Mengapa empati, si permata paling berharga dalam dada manusia, kian pudar? Mengapa kepekaan diri, kemampuan untuk merasakan apa yang orang lain rasa, seolah menjadi barang langka? Apakah kita terlalu sibuk berlomba, hingga lupa menengok ke samping? Apakah kita terlalu asyik membangun menara ego, hingga pondasi kemanusiaan kita retak?

Ini merupakan undangan untuk menepi sejenak dari hiruk-pikuk, untuk menatap lebih dalam ke jendela hati kita sendiri. Kita akan menelusuri jejak-jejak kearifan yang ditinggalkan oleh para pemikir besar, dari seorang filsuf di Konigsberg yang mencoba memahami moralitas universal, seorang pendidik di Jawa yang memanusiakan muridnya, hingga seorang ulama dari Baghdad yang menyerukan penyucian jiwa. Mereka, dengan cara mereka sendiri, telah mengajarkan kita bahwa empati bukanlah sekadar perasaan, melainkan sebuah cahaya yang harus dirajut, sehelai demi sehelai, agar dunia yang kian membeku ini kembali hangat.

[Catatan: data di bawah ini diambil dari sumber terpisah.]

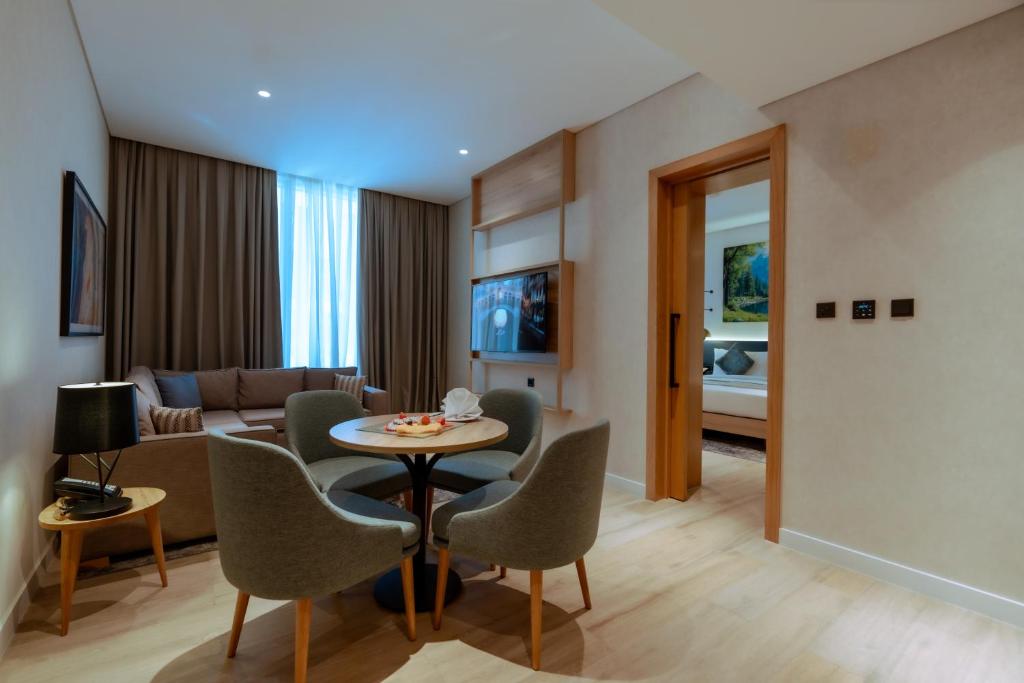 Facilities, West Walk Retaj Hotel in Doha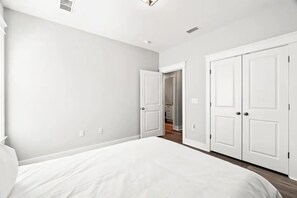 3 chambres, coffre-fort, bureau, fer et planche à repasser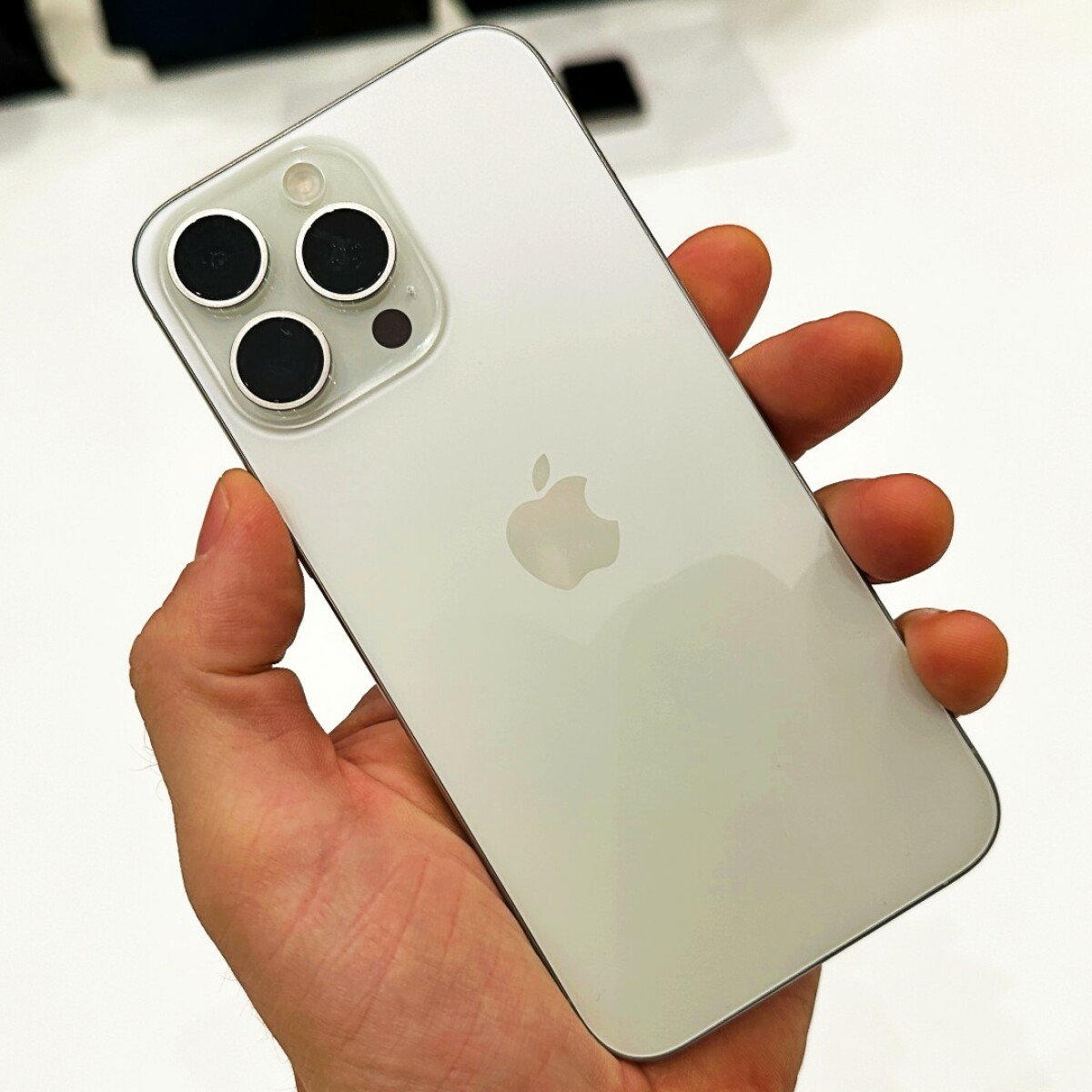 steven_poo94750's tweet photo. This is my new IPhone 15 pro max📱How is it??????
#iPhone #iPhone15ProMax #verynice #latestversion #HappyEaster #TransDayOfVisibility #SundayMorning #sundayvibes  #HEGOTUP #Heisalive #helives
#jesusrose #KCONHONGKONG2024 https://t.co/K3weV8dLE1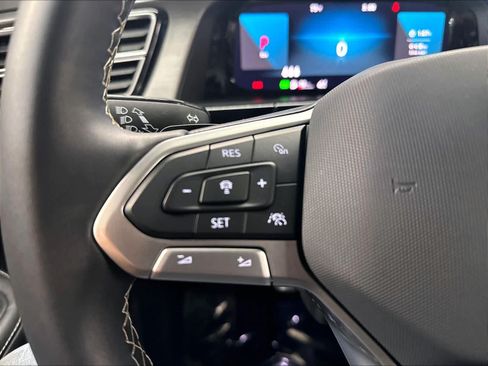 Used 2024 Volkswagen Atlas Cross Sport SE w/ Panoramic Sunroof Package FWD image 14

Bisikan dari Königsberg: Kant dan Etika Kewajiban yang Menggugah

Jauh di sebuah kota kecil bernama Königsberg, Prusia Timur, pada abad ke-18, hiduplah seorang filsuf dengan pikiran setajam pisau bedah dan jiwa sehangat lilin yang tak pernah padam. Namanya Immanuel Kant. Ia adalah sosok yang mungkin terlihat kaku dengan rutinitasnya, namun pikirannya mampu menembus batas-batas kemanusiaan yang paling mendasar.

Kant tak banyak bicara tentang “perasaan” dalam etika. Baginya, moralitas sejati bukanlah soal seberapa besar kita merasa kasihan, atau seberapa banyak kebahagiaan yang dihasilkan dari tindakan kita. Bukan. Moralitas, kata Kant, adalah soal kewajiban. Sebuah kewajiban yang muncul dari akal budi murni, yang universal dan tak tergoyahkan oleh emosi sesaat.

Di sinilah letak bisikan pertama menuju empati yang hakiki. Kant memperkenalkan konsep “imperatif kategoris”. Sebuah perintah moral yang berlaku mutlak, tanpa syarat. Salah satu rumusan terkenalnya adalah: “Bertindaklah hanya berdasarkan maksim (prinsip) yang kamu kehendaki agar dapat menjadi hukum universal.”

Apa artinya ini bagi empati? Ini berarti, sebelum kita bertindak atau berkata-kata kepada orang lain, kita harus bertanya pada diri sendiri: “Apakah saya ingin semua orang di dunia ini bertindak seperti ini? Apakah saya ingin jika saya berada di posisi orang lain, saya diperlakukan seperti ini?” Jika kita tidak ingin diperlakukan kasar, maka jangan berlaku kasar. Jika kita tidak ingin diabaikan, maka jangan mengabaikan.

Bagi Kant, empati bukanlah soal “merasa kasihan” sebagai motivasi utama. Itu adalah sebuah konsekuensi logis dari sebuah kesadaran moral yang mendalam: bahwa setiap manusia memiliki martabat yang sama, dan kita memiliki kewajiban universal untuk menghormati martabat itu. Empati, dalam kacamata Kant, adalah sebuah keharusan akal budi untuk mengakui kemanusiaan dalam diri orang lain, bukan sekadar respons emosional semata. Ini adalah fondasi pertama untuk merajut kepekaan: sebuah komitmen moral yang tak bisa ditawar.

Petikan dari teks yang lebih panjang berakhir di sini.